Let $G$ be a finite group and $B$ a block of $kG$ or $\mathcal{O}$. Let $(D,b_D)$ be a maximal $B$-subpair, and write $\mathcal{F}_{(D,b_D)}(G,B)$ for the associated fusion system. Then $B$ is nilpotent if $\mathcal{F}_{(D,b_D)}(G,B)=\mathcal{F}_D(D)$. Equivalently, $B$ is nilpotent if and only if for each $B$-subpair $(Q,b_Q)$ we have that $N_G(Q,b_Q)/C_G(Q)$ is a $p$-group. Nilpotent blocks were introduced by Broué and Puig in [BP80], and the main results regarding Morita equivalence proved in [Pu88]. See [Li18d, 8.11] for a treatment of nilpotent blocks, including proofs of all of the following results.
• A block $B$ of $kG$ is nilpotent if and only if the corresponding block of $\mathcal{O}G$ is.
• The principal block is nilpotent if and only if $G$ is $p$-nilpotent, that is, if $G=O_{p'}(G)P$ for $P$ a Sylow $p$-subgroup of $G$.
• Suppose that $D$ is abelian. Then $B$ is nilpotent if and only if $N_G(D,b_D)/C_G(D)=1$.
• A block $B$ of $\mathcal{O}G$ is nilpotent if and only it is Morita equivalent to $\mathcal{O}D$.
• If $B$ is nilpotent, then it is basic Morita equivalent to $kD$ (or $\mathcal{O}D$ as appropriate). Consequently, a nilpotent block satisfies $l(B)=1$ and its decomposition and Cartan matrices are determined.

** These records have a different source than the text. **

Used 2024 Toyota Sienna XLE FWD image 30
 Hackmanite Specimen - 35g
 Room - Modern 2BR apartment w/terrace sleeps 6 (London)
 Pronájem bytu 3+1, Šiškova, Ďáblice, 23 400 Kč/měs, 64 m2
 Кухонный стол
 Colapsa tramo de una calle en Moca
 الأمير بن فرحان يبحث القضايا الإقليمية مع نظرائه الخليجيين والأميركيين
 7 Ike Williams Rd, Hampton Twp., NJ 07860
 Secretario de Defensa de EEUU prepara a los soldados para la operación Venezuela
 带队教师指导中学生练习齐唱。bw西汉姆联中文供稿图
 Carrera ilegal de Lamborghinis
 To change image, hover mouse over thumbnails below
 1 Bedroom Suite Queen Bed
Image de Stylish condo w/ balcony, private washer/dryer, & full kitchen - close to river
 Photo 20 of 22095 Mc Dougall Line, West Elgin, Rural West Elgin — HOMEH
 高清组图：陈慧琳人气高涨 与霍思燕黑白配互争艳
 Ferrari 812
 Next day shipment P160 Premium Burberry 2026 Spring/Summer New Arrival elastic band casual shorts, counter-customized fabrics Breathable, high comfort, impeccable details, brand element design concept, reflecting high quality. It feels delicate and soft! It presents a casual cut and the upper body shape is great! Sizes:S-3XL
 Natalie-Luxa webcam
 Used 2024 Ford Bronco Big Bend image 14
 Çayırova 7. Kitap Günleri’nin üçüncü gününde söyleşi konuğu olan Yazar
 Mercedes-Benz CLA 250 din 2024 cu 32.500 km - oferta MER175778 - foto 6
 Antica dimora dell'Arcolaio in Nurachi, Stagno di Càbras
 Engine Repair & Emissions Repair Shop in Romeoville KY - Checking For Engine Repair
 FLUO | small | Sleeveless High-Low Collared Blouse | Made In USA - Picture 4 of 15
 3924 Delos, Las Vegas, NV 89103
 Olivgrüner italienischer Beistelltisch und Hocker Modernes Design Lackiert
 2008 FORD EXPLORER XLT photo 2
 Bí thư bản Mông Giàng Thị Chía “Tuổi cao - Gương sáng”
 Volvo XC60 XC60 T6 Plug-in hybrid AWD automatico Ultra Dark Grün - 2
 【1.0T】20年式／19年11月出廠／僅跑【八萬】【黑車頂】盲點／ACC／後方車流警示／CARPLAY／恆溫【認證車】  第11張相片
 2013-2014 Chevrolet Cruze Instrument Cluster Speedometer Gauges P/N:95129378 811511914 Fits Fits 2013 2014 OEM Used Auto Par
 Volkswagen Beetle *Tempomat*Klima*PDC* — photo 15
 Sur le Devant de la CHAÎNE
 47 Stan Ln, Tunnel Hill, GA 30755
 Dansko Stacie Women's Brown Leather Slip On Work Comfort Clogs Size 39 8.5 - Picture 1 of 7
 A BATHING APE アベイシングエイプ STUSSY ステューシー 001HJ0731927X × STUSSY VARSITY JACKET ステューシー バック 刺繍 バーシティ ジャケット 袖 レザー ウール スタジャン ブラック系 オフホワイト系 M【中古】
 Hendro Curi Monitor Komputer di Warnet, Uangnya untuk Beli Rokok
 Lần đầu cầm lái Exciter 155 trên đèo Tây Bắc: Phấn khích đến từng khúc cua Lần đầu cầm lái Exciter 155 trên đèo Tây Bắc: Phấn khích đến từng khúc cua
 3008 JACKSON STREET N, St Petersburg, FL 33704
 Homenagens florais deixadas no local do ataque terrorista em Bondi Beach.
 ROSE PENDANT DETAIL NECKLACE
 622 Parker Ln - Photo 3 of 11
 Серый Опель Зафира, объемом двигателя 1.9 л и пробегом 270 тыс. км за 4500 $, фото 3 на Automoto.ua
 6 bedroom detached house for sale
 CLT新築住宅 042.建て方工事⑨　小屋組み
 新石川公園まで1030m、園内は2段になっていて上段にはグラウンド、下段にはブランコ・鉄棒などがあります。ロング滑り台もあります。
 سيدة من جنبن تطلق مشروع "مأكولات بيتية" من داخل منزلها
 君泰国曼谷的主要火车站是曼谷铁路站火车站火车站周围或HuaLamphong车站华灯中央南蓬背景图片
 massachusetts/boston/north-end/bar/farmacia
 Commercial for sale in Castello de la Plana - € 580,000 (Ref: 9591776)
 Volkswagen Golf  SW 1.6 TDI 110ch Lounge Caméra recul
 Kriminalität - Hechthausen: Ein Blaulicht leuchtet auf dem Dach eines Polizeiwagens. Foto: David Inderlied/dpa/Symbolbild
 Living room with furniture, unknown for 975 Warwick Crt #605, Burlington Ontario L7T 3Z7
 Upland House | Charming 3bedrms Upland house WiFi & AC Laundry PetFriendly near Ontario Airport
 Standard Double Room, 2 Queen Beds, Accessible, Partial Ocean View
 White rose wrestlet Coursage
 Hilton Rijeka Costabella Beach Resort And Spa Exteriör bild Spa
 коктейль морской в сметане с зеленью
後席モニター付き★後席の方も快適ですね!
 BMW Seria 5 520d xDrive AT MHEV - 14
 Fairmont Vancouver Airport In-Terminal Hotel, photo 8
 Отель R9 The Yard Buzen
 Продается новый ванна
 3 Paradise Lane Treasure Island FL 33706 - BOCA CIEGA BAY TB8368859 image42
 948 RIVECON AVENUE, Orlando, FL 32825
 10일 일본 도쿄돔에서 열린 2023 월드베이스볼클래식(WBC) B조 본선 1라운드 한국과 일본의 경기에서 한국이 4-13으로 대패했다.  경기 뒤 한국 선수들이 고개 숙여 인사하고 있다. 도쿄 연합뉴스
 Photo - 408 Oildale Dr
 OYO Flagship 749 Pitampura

• $B$ has source algebra of the form $S \otimes_\mathcal{O} \mathcal{O}D$ for $S={\rm End}_\mathcal{O}(V)$ for some indecomposable endopermutation $\mathcal{O}D$-module $V$ with vertex $D$ and determinant one.
• If the principal block is nilpotent, then it is source algebra equivalent to $kP$.